His latest track “Strangers That Listen” feature the ethereal vocals of Constance Pennycuick. The track is accompanied with a video courtesy of the filmmaker Ben Glasgow. It was shot in Dunbar to a backdrop of stunning views of the area where Connie grew up.

The track "Smoke a Kipper" made number 17 in the top 100 Scottish songs of 2023 published by the Scottish Herald newspaper.The single "The Strangest Times" was championed by Guy Monnington on Amazing Radio who included the track in his `Against the grain playlist` The video for the track was shortlisted for video of the year by The Weekender magazine.

Alex Tronic's single "A Voice for the Silent" features the words of Australian philanthropist and animal rights activist Philip Wollen. Tronic has also had success with "Feels Like Falling", his second collaboration with Scots chanteuse Shuna Lovelle. The EP peaked at number 1 in iTunes Lounge charts in February 2018. The single has been heavily rotated on the influential radio station Chill FM. The previous single "Brave About It" released in July 2017 also made number 1 on the iTunes lounge charts.

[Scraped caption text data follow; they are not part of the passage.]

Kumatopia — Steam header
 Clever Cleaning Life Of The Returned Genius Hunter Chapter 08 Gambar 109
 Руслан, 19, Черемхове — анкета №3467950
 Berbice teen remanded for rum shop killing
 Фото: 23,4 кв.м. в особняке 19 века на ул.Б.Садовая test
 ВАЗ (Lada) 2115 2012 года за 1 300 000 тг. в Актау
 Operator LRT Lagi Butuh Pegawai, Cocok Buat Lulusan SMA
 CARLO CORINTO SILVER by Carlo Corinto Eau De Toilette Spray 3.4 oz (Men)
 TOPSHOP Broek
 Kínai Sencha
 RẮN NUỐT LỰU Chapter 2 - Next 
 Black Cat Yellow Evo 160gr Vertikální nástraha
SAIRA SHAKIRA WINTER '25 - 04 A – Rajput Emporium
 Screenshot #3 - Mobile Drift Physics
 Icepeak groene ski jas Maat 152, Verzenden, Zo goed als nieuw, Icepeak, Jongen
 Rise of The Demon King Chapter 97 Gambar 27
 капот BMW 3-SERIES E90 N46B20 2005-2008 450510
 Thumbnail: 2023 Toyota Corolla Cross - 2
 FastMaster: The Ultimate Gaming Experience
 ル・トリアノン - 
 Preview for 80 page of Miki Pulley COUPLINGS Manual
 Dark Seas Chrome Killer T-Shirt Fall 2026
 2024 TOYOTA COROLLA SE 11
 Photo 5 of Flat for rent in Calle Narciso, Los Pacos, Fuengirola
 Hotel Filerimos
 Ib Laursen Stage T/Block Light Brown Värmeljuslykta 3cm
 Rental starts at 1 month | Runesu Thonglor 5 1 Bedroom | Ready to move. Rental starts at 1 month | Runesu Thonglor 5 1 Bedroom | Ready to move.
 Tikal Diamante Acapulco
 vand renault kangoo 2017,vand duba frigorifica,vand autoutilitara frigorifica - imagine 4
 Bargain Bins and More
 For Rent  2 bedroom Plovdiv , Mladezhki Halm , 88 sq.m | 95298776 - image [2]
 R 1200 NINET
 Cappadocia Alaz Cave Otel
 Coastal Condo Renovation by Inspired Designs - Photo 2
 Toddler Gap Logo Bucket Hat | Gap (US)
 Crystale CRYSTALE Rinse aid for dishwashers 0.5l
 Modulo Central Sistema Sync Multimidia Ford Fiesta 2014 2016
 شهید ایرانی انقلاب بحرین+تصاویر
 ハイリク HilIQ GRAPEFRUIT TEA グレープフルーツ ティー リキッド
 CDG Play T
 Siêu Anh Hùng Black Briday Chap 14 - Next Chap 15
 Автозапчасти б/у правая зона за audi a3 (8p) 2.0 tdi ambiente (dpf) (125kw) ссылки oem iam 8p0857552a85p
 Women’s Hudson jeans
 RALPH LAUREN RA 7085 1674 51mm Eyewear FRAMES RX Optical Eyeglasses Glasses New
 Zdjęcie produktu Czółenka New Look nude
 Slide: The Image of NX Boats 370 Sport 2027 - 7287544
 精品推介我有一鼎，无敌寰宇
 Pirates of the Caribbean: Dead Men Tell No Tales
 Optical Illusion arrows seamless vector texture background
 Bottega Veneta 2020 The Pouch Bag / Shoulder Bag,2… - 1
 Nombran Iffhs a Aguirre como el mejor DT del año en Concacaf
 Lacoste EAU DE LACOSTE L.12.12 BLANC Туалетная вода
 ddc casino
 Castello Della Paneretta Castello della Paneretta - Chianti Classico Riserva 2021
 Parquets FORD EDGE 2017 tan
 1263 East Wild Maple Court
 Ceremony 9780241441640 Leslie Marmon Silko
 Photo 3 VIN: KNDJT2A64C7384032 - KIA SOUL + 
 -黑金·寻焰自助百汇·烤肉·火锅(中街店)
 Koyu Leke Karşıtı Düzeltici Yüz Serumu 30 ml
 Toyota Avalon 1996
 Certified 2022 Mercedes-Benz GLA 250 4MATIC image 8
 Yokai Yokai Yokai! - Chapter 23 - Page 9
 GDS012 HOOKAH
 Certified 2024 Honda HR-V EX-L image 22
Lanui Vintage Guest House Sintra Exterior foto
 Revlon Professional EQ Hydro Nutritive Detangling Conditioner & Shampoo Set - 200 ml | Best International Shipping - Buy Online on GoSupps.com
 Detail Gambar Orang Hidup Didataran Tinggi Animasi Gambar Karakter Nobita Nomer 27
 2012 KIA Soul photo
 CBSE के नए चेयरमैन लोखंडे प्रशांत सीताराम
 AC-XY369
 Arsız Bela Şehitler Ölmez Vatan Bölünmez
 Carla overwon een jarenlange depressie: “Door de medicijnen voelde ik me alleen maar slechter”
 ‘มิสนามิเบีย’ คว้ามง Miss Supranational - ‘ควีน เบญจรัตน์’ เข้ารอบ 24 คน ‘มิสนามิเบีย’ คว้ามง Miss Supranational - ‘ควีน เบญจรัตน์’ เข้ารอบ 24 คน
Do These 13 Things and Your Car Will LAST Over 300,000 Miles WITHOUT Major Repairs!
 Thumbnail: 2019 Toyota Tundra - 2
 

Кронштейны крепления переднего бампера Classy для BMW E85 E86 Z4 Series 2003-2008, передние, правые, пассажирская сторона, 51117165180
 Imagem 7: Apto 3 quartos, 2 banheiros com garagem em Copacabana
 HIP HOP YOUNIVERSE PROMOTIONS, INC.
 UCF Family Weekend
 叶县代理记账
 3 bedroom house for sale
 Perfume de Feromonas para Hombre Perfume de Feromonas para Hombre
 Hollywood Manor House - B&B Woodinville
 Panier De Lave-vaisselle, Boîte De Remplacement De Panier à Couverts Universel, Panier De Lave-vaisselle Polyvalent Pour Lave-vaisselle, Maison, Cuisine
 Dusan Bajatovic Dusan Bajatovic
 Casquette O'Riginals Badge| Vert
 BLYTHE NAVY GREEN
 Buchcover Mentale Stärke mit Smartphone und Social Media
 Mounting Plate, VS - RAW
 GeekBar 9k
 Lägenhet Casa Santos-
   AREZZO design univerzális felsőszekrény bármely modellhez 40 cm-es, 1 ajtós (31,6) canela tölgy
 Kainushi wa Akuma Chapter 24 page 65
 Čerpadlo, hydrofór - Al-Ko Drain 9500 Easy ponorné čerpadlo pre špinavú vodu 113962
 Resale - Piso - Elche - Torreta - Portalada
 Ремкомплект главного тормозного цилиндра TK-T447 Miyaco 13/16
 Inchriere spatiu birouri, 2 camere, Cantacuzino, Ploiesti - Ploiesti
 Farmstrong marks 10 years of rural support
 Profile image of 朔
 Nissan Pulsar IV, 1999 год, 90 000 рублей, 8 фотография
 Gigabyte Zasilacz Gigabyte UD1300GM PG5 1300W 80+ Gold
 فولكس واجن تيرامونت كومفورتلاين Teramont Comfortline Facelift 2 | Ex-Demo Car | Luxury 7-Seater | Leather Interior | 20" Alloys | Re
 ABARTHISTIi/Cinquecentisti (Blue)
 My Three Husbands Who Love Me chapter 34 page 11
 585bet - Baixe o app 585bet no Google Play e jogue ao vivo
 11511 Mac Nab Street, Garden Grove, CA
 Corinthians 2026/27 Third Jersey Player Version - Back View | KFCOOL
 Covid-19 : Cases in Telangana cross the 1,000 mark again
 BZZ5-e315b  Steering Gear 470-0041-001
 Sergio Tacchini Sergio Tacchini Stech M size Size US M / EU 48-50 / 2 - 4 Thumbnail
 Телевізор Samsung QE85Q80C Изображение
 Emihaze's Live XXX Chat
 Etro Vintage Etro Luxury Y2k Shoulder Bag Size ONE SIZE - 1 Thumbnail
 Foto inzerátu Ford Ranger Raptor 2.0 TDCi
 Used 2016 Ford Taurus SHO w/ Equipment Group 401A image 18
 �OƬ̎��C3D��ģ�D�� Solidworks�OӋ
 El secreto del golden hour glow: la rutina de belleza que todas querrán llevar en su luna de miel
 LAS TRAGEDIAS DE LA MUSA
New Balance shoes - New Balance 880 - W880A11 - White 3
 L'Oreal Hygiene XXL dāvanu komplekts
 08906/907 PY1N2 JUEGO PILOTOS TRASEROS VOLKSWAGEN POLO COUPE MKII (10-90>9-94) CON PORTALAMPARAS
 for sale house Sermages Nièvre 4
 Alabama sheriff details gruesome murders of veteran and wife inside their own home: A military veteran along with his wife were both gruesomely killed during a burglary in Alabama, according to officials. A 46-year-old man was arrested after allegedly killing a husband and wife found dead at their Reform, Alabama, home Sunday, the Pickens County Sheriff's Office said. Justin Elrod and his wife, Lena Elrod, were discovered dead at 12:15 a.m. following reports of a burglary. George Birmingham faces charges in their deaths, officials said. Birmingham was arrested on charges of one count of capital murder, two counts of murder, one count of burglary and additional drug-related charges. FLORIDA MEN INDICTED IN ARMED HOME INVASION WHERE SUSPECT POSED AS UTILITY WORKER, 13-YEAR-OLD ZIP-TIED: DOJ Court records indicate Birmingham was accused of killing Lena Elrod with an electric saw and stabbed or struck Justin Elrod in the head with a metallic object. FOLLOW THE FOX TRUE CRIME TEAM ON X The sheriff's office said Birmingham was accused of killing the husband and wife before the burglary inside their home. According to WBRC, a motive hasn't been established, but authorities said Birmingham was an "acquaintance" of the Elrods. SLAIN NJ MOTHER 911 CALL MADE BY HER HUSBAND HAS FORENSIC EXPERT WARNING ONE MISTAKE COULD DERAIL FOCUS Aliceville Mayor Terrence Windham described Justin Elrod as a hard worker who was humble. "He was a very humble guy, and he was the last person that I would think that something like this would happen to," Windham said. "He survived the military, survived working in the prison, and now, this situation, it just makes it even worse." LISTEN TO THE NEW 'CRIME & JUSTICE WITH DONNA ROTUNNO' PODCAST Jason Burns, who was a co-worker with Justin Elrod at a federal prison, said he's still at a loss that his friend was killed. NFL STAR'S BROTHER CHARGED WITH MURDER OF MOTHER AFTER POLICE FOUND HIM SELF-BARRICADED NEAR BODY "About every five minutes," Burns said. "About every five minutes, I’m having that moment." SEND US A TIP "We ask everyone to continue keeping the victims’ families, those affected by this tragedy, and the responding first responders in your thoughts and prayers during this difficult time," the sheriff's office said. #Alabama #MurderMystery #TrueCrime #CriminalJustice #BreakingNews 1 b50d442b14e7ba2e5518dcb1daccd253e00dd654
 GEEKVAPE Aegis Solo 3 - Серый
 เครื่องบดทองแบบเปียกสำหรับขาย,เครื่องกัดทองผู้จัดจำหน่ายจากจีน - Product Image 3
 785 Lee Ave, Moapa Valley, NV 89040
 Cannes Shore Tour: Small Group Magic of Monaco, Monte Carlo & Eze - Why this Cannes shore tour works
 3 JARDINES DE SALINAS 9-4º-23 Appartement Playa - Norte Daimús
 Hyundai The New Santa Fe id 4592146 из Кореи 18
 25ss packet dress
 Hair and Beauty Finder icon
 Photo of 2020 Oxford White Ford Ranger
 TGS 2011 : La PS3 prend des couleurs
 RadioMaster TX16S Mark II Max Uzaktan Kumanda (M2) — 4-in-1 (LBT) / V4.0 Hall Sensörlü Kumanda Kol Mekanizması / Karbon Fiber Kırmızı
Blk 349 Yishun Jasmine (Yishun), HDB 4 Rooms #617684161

This EP was a follow-up to the critically acclaimed CD Nature Flow which was presented as Alex Tronic V Leith Bass Team. Nature Flow has received millions of hits on the streaming service Spotify. Alex Tronic debuted on vinyl with a record entitled Mind Matters/Obsessional, which was released by Peyote Records. According to Is this music? magazine, he has mastered the "rare trick of blending familiarity with innovation" within his unique style of electronica and dance music.

Alex Tronic's debut album To Infinity was released on his own eponymous label Alex Tronic Records in 2009. The "Back in the Room EP" release followed in 2010, and Shifting Sands album was released in 2011.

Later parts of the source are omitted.